======== Records for the exercise

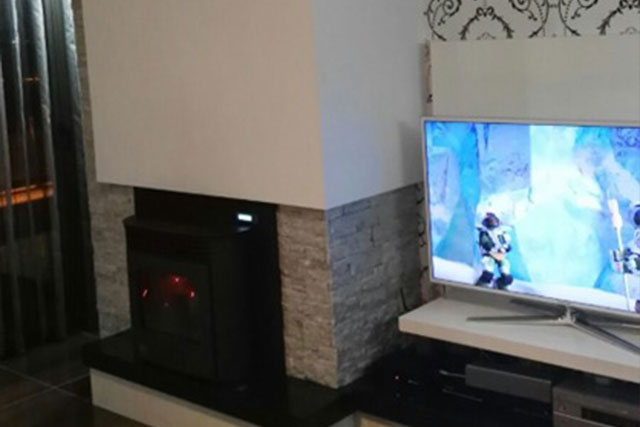 Chimenea de obra revestida con pladur y escayola, decoración moderna
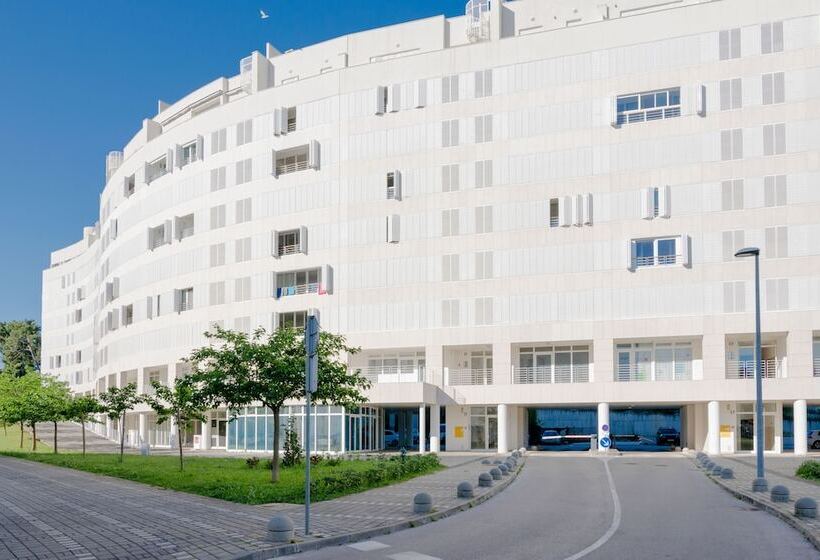 ベッドアンドブレックファースト Sky & Sun Luxury Rooms With Private Parking In The Garage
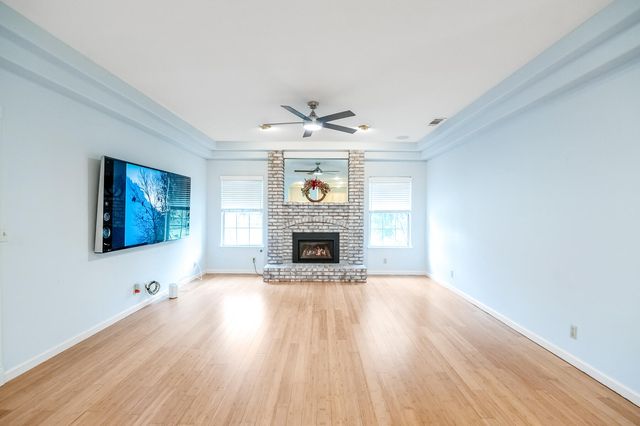 1134 N Rova Court, Visalia, CA 93291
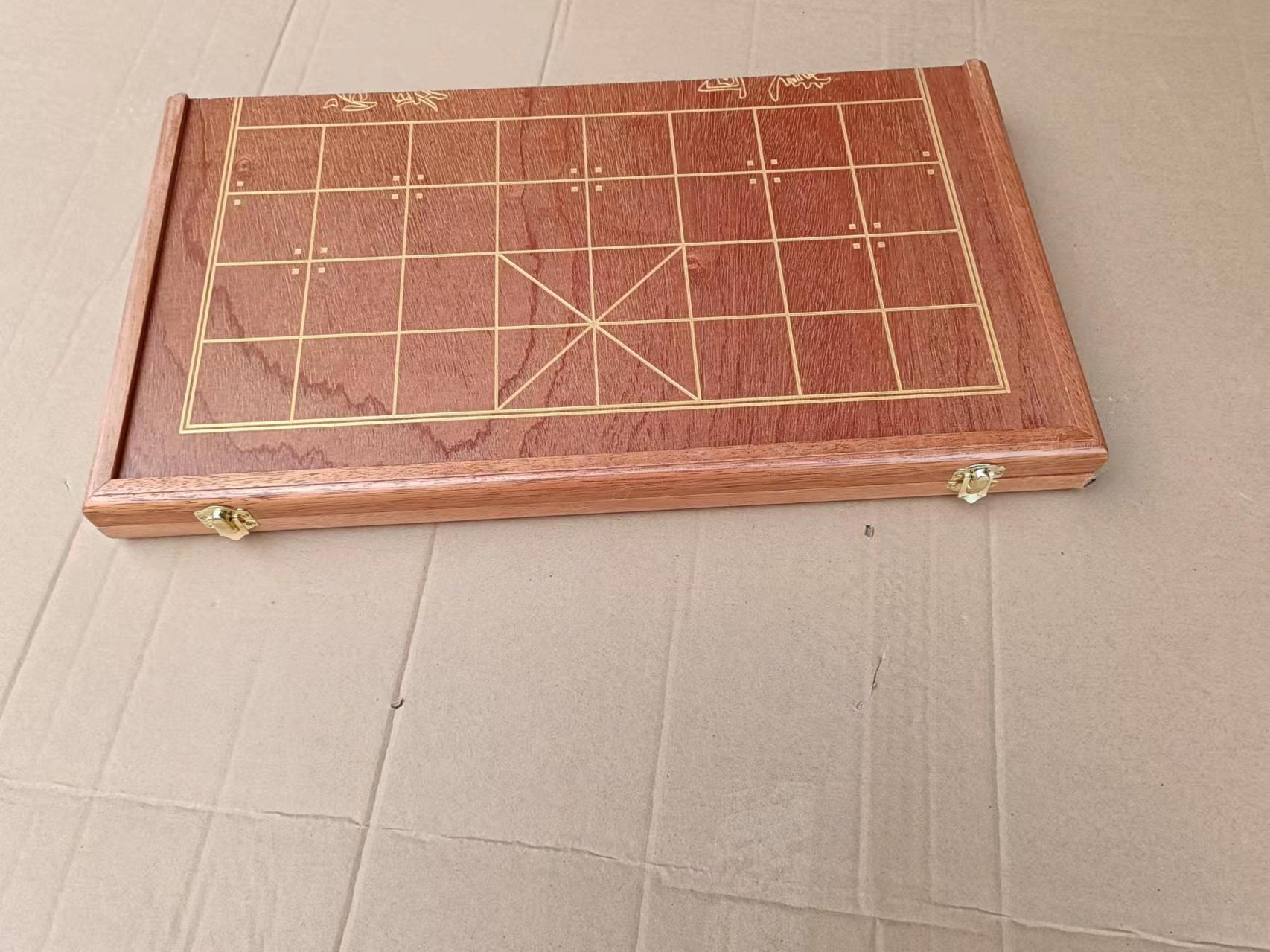 中国象棋盘实木松木高档成人象棋便携礼盒棋盘套装红檀木实心棋子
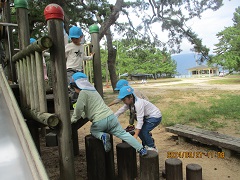 アスレチックで遊ぶ画像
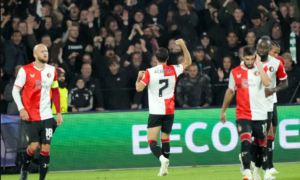 Feyenoord 300x180 - Feyenoord levantá la mano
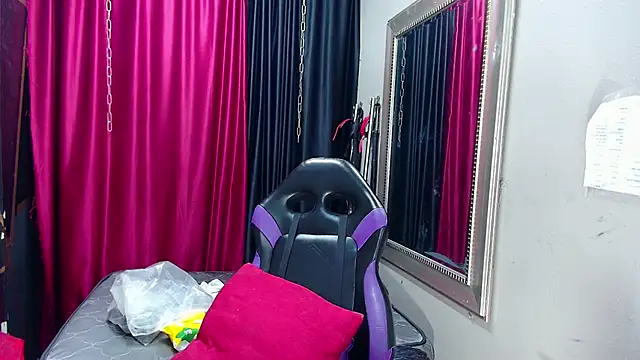 Snapshot of AvaChannel chatting on January 2025 05:05:02 PM AvaChannel online show from January 2025 05:05:02 PM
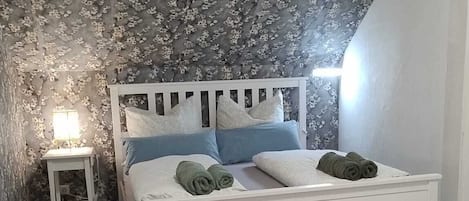 3 chambres, Wi-Fi gratuit, draps fournis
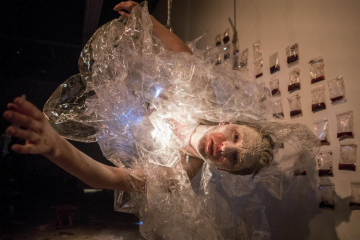 performance-art-20201207-grace-exhibition-space-37431280-x-854
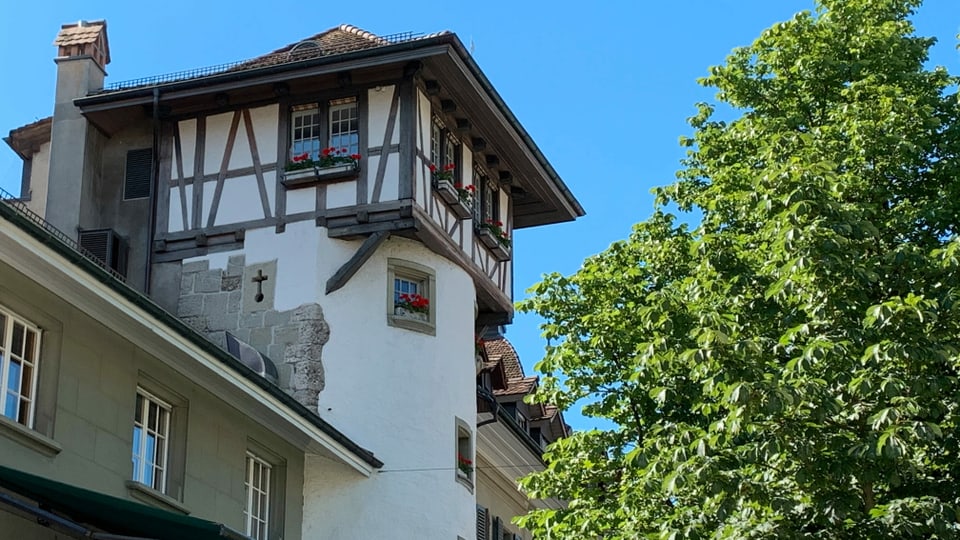 Der Holländerturm steht auf dem Waisenhausplatz in der Berner Altstadt.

================

§ Exercise requirements
Begin at the line with "1134 N Rova Court, Visalia, CA 93291" and end at the last line of the data above. Reproduce those lines exactly, but not the pictures.

§ Exercise output
 1134 N Rova Court, Visalia, CA 93291
 中国象棋盘实木松木高档成人象棋便携礼盒棋盘套装红檀木实心棋子
 アスレチックで遊ぶ画像
 Feyenoord 300x180 - Feyenoord levantá la mano
 Snapshot of AvaChannel chatting on January 2025 05:05:02 PM AvaChannel online show from January 2025 05:05:02 PM
 3 chambres, Wi-Fi gratuit, draps fournis
 performance-art-20201207-grace-exhibition-space-37431280-x-854
 Der Holländerturm steht auf dem Waisenhausplatz in der Berner Altstadt.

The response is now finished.